WTI gapped from a $100.12 close to $104.17 on the open, with Brent jumping 5.14% to $105.77. U.S. equity futures sold off — Dow down 1%, S&P and Nasdaq both down over 1% — while gold dropped 2.2% on dollar strength. The message was clear: the war premium in crude isn't going anywhere soon.
The Supply Noose Tightens
The price action sits on top of a physical supply crisis that is getting worse, not better. The Strait of Hormuz — which handles roughly 20% of global daily oil supply — has seen shipping traffic collapse 90-95% since the war began. Iran's IRGC has established what amounts to a toll booth, reportedly charging tankers up to $2 million per crossing in Chinese yuan. Over 2,000 vessels are stranded outside the strait.
IEA chief Fatih Birol warned on April 1 that April's supply losses will be double March's, with more than 12 million barrels already lost since February 28. The biggest near-term problem is jet fuel and diesel — shortages are already showing up in Asia and the IEA expects them to hit Europe by late April or early May. The agency is weighing additional releases from the 400-million-barrel strategic reserve package that member countries agreed to on March 11.
On the U.S. side, the EIA's weekly report showed a 5.45-million-barrel crude build — Cushing and Gulf Coast inventories hitting multi-year highs as domestic production stays strong. But product markets told a different story: gasoline drew 2.6 million barrels and distillates drew faster than expected, reflecting the real demand squeeze downstream. U.S. gasoline crossed $4 per gallon on April 1 for the first time since 2022.
What Gets Priced From Here
The market has two competing timelines to navigate. Trump says the war wraps up in two to three weeks — by mid-to-late April. Oil executives and analysts say the Strait of Hormuz needs to reopen by roughly the same date or supply disruptions get significantly worse.
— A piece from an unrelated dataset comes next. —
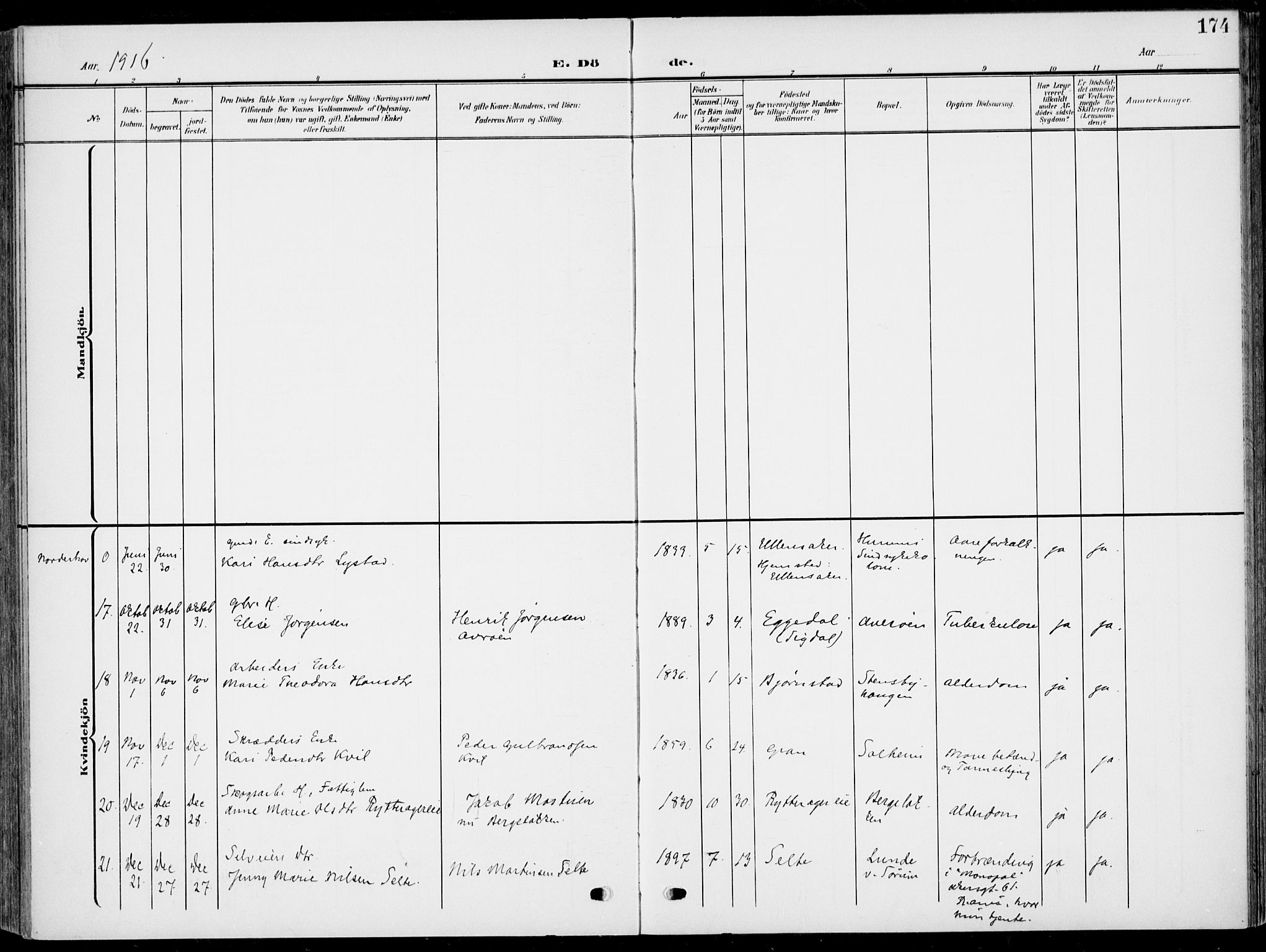 Hole kirkebøker, AV/SAKO-A-228/F/Fa/L0010: Parish register (official) no. I 10, 1907-1917, p. 174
If both timelines are roughly correct, mid-April is the inflection point.
Goldman Sachs expects Brent to average $110 through April with the war premium intact; JPMorgan holds a similar $110 call for March–April before dropping below $80 by Q3 if Hormuz reopens. Brent gained roughly 63% in March — the largest monthly move for the contract since 1988.
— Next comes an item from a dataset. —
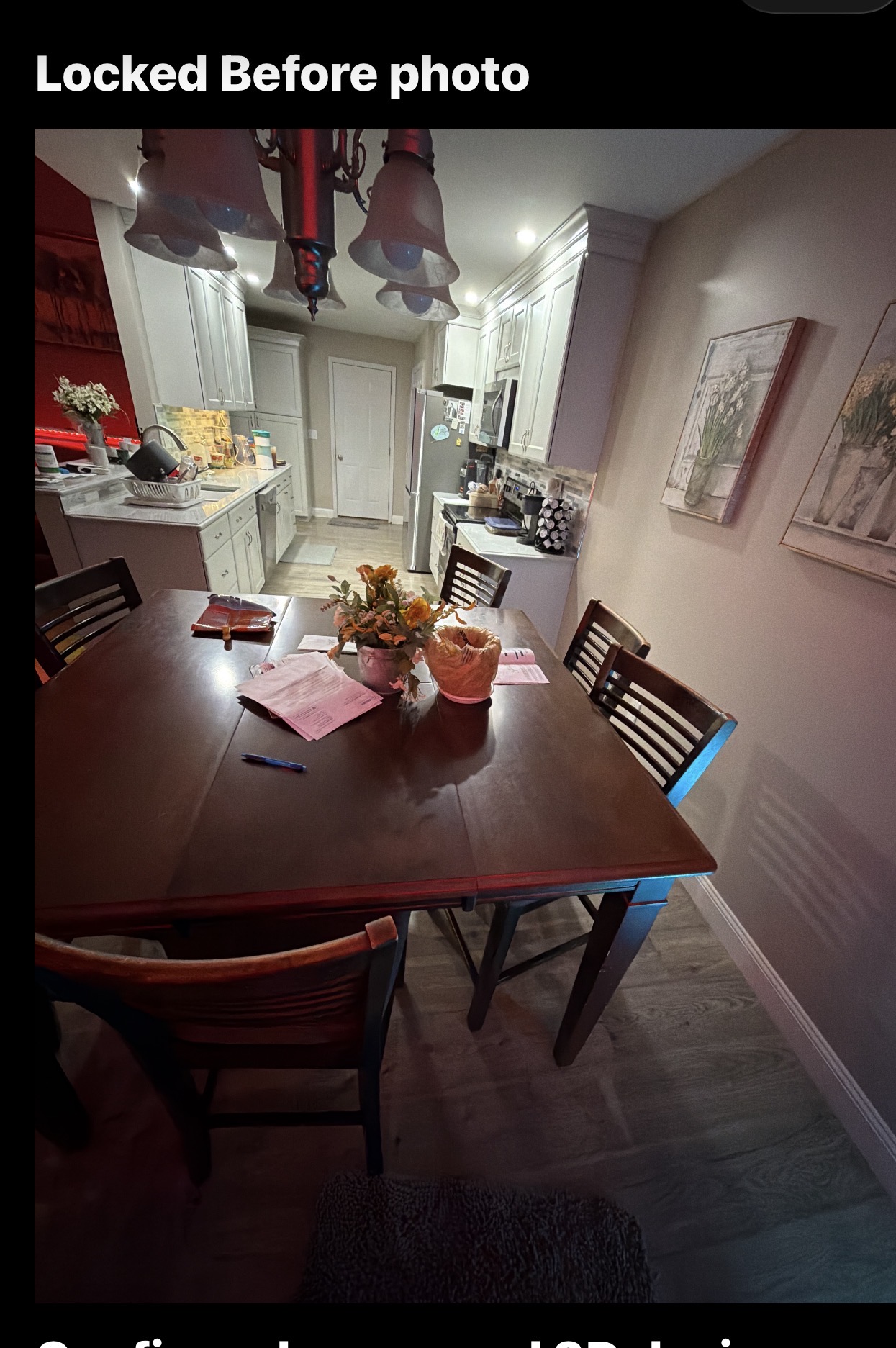 Locked before photo of the original kitchen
The next scheduled catalyst is the OPEC+ meeting on April 5. The group has held production levels steady through the crisis so far, and any signal of increased output would matter. But with Hormuz still effectively closed and Trump promising escalation rather than resolution, the risk premium has room to persist. The $97–$98 dip that preceded the speech may end up marking a near-term floor.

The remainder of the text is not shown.